◆ Activity
Print the material below exactly as it stands, please, from its first line to the line holding "Tap that like", with no pictures.

◆ Recorded data
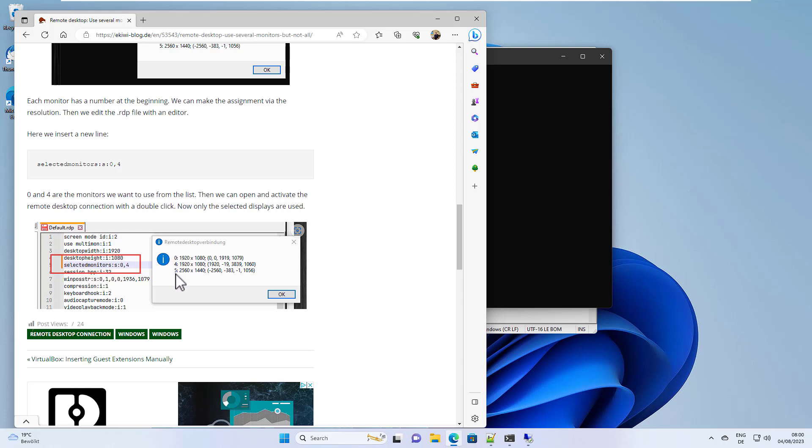So it's 0, 4, and 5. All I need to do now is identify which displays I want to use. In my case, I want to use the first display, 0 and 4.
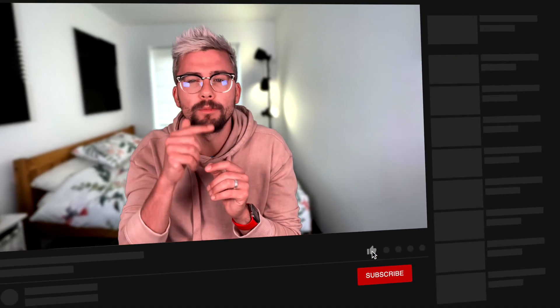Tap that like button and subscribe so you don't miss any life-changing streaming content. It also will help me out massively with that darn algorithm so I'm going to keep making this content for you. Let's get into this bad boy.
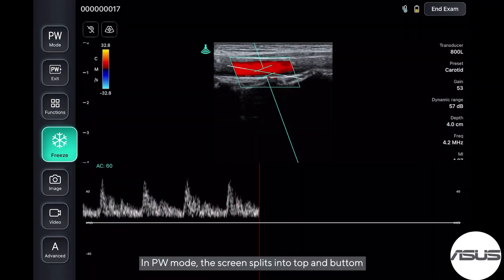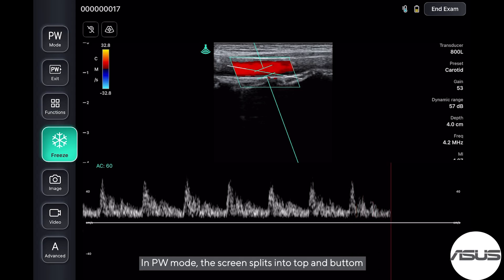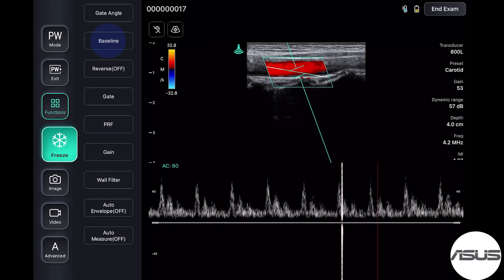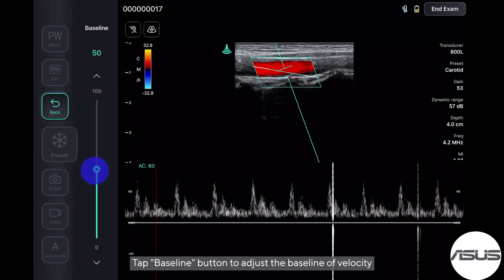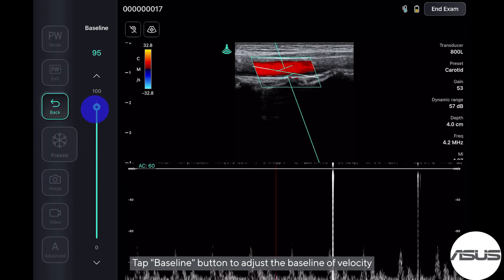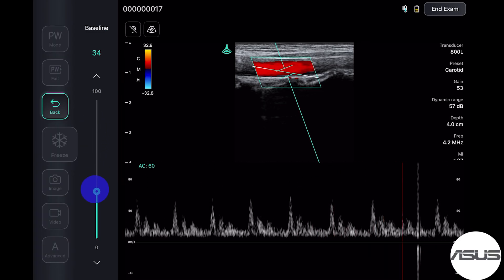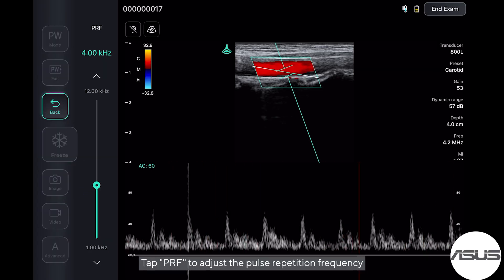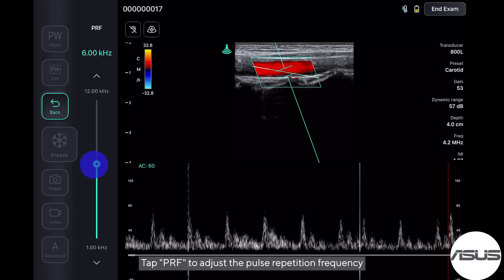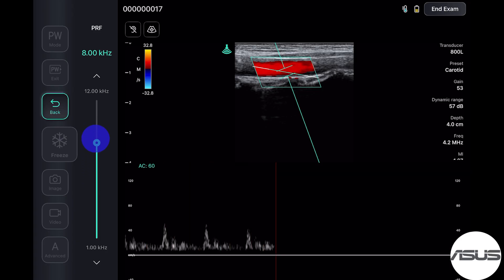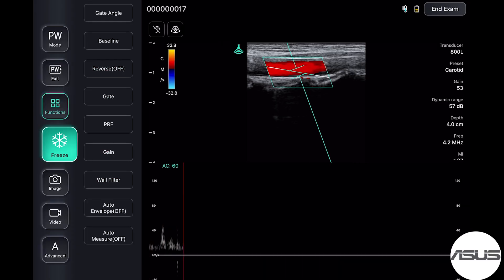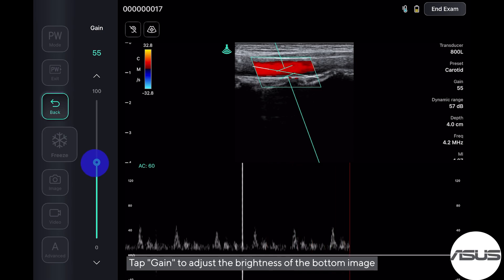Tap steering angle to adjust the steering angle. Once aligned, you're ready to enter PW mode and start acquisition. In PW mode, the screen splits into top and bottom. The lower graph shows velocity versus time. Tap the baseline button to adjust the baseline of velocity. Tap PRF to adjust the pulse repetition frequency.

◆ Completed task
So it's 0, 4, and 5. All I need to do now is identify which displays I want to use. In my case, I want to use the first display, 0 and 4.
Tap that like button and subscribe so you don't miss any life-changing streaming content. It also will help me out massively with that darn algorithm so I'm going to keep making this content for you. Let's get into this bad boy.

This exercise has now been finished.